Throughout the years, I’ve often compared the U.S. economy to a giant freighter that is tough to deflect from its course, and, since Donald Trump was elected for a second time, this metaphor has become particularly apt. Even as he subjected the economy, a colossus that generates more than thirty trillion dollars’ worth of goods and services annually, to a one-two-three punch of high tariffs (which raise prices), immigration restrictions (which reduce the labor supply), and DOGE-led job cuts in the federal government, things seemed, until recently, to be moving slowly ahead and defying the direst predictions about the consequences of MAGAnomics.
The G.D.P. growth rate turned negative during the first three months of this year, but that was largely a by-product of American households and businesses rushing to import more stuff before the tariffs went into effect. (G.D.P. measures domestic production of goods and services; imports don’t count and they make the growth rate appear weaker.) Spurred partly by corporate investments in A.I., over-all spending and job creation looked to be holding up, and, at the end of July, when the Department of Commerce reported that G.D.P. growth had rebounded to an annualized rate of positive three per cent in the second quarter, the White House hailed “America’s Golden Age,” adding, “The so-called ‘experts’ were wrong (again).”

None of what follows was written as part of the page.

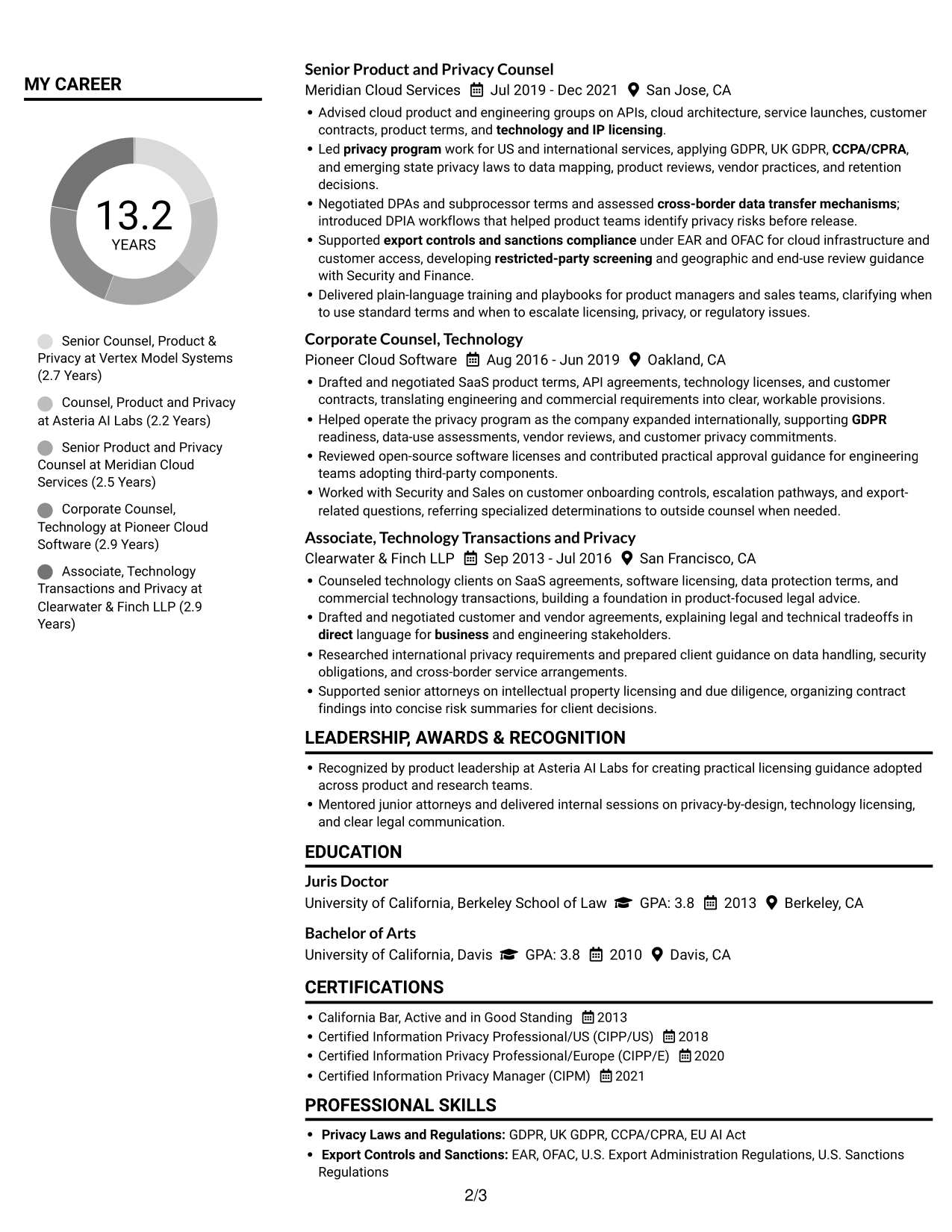Resume example — page 2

Hubris is a killer. Two days later, the Bureau of Labor Statistics (B.L.S.) announced that job growth had slowed sharply during the three months from May to July, an indication that, despite the G.D.P. figures, the economy could well be on the verge of stalling. Trump promptly fired the commissioner of the agency, Erika McEntarfer, a Biden appointee, claiming, without any grounds whatsoever, that it had “rigged” the job numbers to make him look bad. This past Friday, the B.L.S., now under the temporary leadership of a longtime agency employee, William J. Wiatrowski, released its latest employment report, which confirms that hiring has stalled. “Total nonfarm payroll employment changed little in August (+22,000) and has shown little change since April,” the report said. The unemployment rate ticked up a tenth of a percentage point last month, to 4.3 per cent.

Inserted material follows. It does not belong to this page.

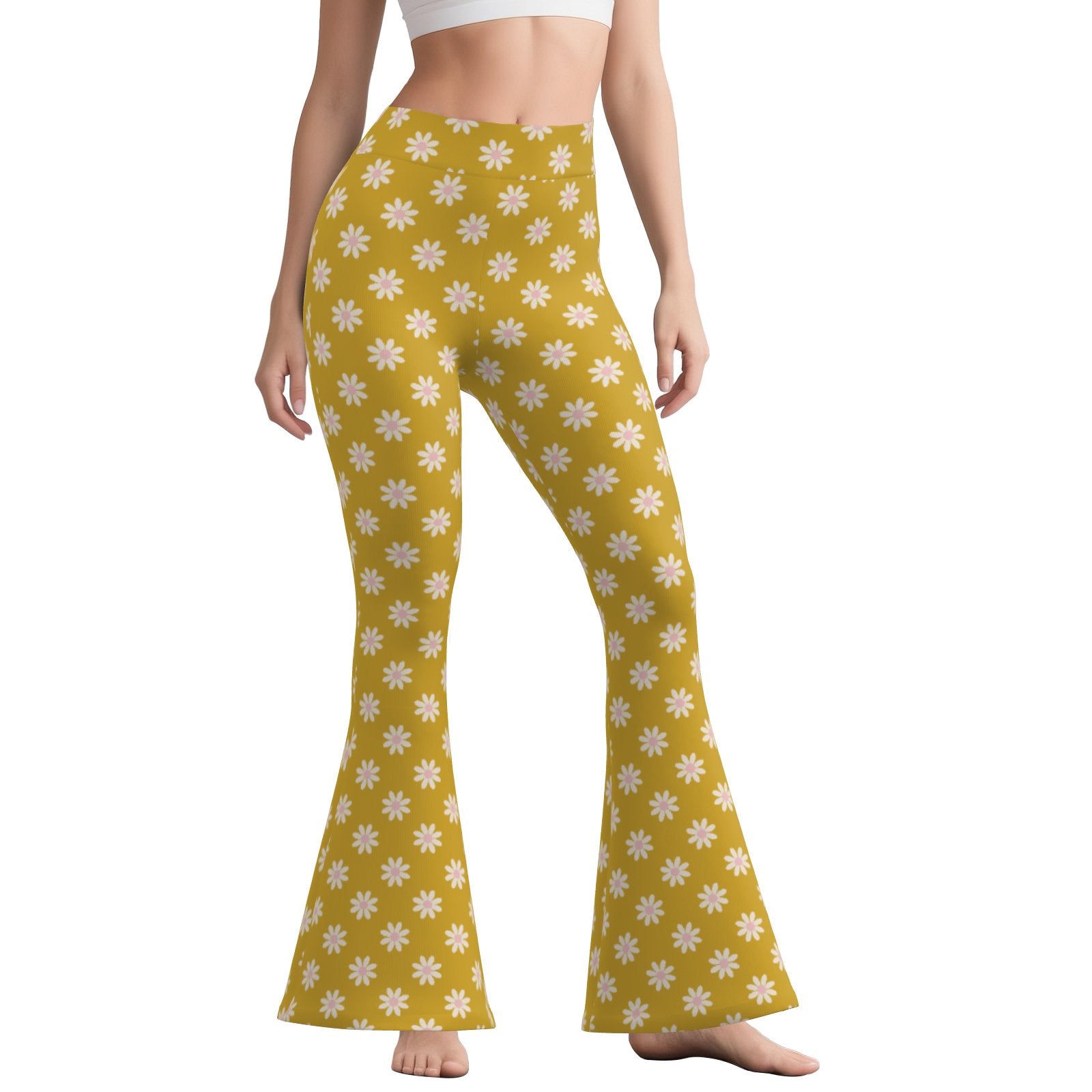 70s Mustard Floral Bell Bottom Pants | Retro Wide Leg Yoga Pants | Vintage Style High Waist Flare Pants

In recent years, response rates to the monthly government surveys of employers and households that form the basis of the jobs report have dropped; the figures are also subject to random sampling error and subsequent revisions as fresh data come in. But, contrary to the claims of some Trump apologists, the B.L.S. figures still provide the most comprehensive and objective portrait of employment trends that we have. And the recent numbers largely speak for themselves. Since May, job growth has averaged twenty-seven thousand per month. During the first quarter of this year, the average was about a hundred and eleven thousand jobs per month. By any measure, that’s a significant slowdown.
Outside of health care and social assistance, a sector in which job growth seems to be unaffected by over-all trends, the downturn in hiring extended across large parts of the economy, with fewer than half of all private-sector industries adding jobs last month. This pattern is consistent with many different types of firms putting hiring plans on hold, or cutting workers, because of the uncertainty and chaos that Trump’s tariffs have unleashed. It also jibes with the warnings that many economists critical of his policies issued earlier this year.
The weakness in manufacturing, which was supposed to benefit from the pivot to all-out protectionism, is particularly striking. In August, the total number of people employed in the sector fell by twelve thousand in a one-month span; during the past three months, it has declined by thirty-one thousand. The latest survey from the Institute for Supply Management (I.S.M.), a not-for-profit organization that surveys firms throughout the economy on a monthly basis, provides a more granular portrait of what’s happening. “Tariffs continue to wreak havoc on planning/scheduling activities,” a respondent in the electronics industry said. “Plans to bring production back into [the] U.S. are impacted by higher material costs, making it more difficult to justify the return.” Another respondent who works in trucking reported that the industry was in even worse shape than it had been during the Great Recession of 2008-09; they went on, “This is 100 percent attributable to current tariff policy and the uncertainty it has created.”
Then there are Trump’s other initiatives. The August employment report showed a fall of fifteen thousand in the number of federal employees, which suggests that the DOGE job cuts may be starting to show up in the official figures. (Many of the people laid off were allowed to stay on the federal payroll for a few more months.) It’s difficult to gauge the impact of Trump’s draconian immigration policies, because undocumented workers are less likely to respond to official surveys. But there has surely been some effect. An analysis by Goldman Sachs showed that employment in industries in which more than ten per cent of the workforce is made up of unauthorized immigrants steeply declined over the summer. Another analysis, by Jed Kolko, a senior fellow at the Peterson Institute for International Economics, reached a similar conclusion by examining the foreign-born workforce.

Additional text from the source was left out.